V.B. : The project is aimed at different types of audiences, the first of which is generated by the activities of the International Criminal Court. Starting from your conception of artistic and poetic tools, how did you approach your collaboration with Julien Seroussi, knowing that the gestures and the representations you produced were intended, in fine, to “return to the legal world”?
f.l. : each time that julien seroussi came back to paris and told me what he was authorized to say about the trial hearings, i would say to myself : “this place is a real ‘court of miracles’…!”. his regular reports caught my attention. then, like a canny farm labourer, i checked out the lie of the land in order to evaluate the richness of the terrain : what kinds of material did the trial produce ? what were the inscription devices that we would be dealing with ? we wrote up a list : first, everything that is said in the hearing room is recorded on video (sound and image), whether the witnesses’ speeches, the court’s legal discussions, the technological bugs for which the judges call on the technicians for help. then, since the trial is international, people speak several languages, in this case, lingala, swahili, french, and english. so interpreters are needed in order to go from language to language (via headphones and various broadcast channels). simultaneously, everything that is said is transcribed in real time by court reporters and these transcripts are shown on the judges’, the prosecution’s, and the defence’s screens. finally, there is all the evidence (official documents, letters, photos, drawings, videos) that is called up during the trial. Wishing to make a democratic statement, the court decided to make the materials public (i.e. the videos, the transcripts, and the evidence), with the exception of some elements that could put the security of certain witnesses in danger. as soon as i was able to get a sense of the breadth of the available materials and once the trial had ended in 2014, i proposed to julien seroussi, that we should try to make something of this rich, seemingly under-exploited field – under-exploited from a non-legal perspective, that is, anthropologically, poetically etc. but also from a legal perspective, since the court, of which it was one of the first trials, had encountered several obstacles it was not prepared for. for the court, returning to these materials was also a way to rework its approach for future trials. so the project was right away conceived in a collaborative manner : treating the materials with tools originating in poetry and in art, but with the significant constraint that the work accomplished ultimately had to be useful to practitioners of international justice.
V.B. : Could you go back over some of the obstacles or difficulties encountered during the trial that were of particular concern to you – and explain why?
f.l. : the icc experienced two major difficulties. the first occurred early on, during the investigation of the prosecution, and can be summarised in the following question : how to create clean data (as opposed to dirty data) that will ensure that the ensuing work is well-grounded, given that in ituri [the region of drc where the village of bogoro is to be found], people can have several names, they might possess administrative documents with different birthdates, and there is no official map of the region.

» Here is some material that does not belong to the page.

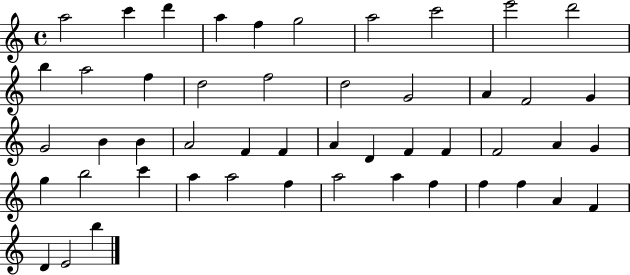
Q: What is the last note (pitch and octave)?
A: B5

Nor do family relationships adhere to the European model of a nuclear family : “my brother” or “my sister” does not mean that we have the same parents, but simply that we are from the same village, or that we went to school together. furthermore, the judges only learned about the trial at the time of the hearing, they did not know anything about the case beforehand. this is the anglo-american adversarial system, where all information intended for the judge must pass through the filter of the prosecution and the defence. the trial’s impartiality is thereby ensured : no element reaches the judge’s ears that has not first been discussed and challenged by the two parties. the inconvenience is that the judges are therefore totally unaware of the context of the crimes. it was very hard for them to understand not only the logic of the militia in power – new militia were created each week – but even the timeline of events was unknown to them, even more so were the local customs. fetish rites on the eve of battles and the position of medicine-men in the chains of command are a striking example : the judges heard what the witnesses had to say on these matters but did not know how to attach these phenomena to the legal framework they had available to them. more globally, the categories of thought or action of the actors, witnesses, victims, or accused were foreign to them. due to these problems early on in the investigation, and to the difficulty of accepting the witnesses’ accounts as “other” cultural phenomenon and not as lies, in the end, the judges decided that 4 of the 5 witnesses were not credible. therefore, one of the accused was acquitted and the other had his charges significantly reduced.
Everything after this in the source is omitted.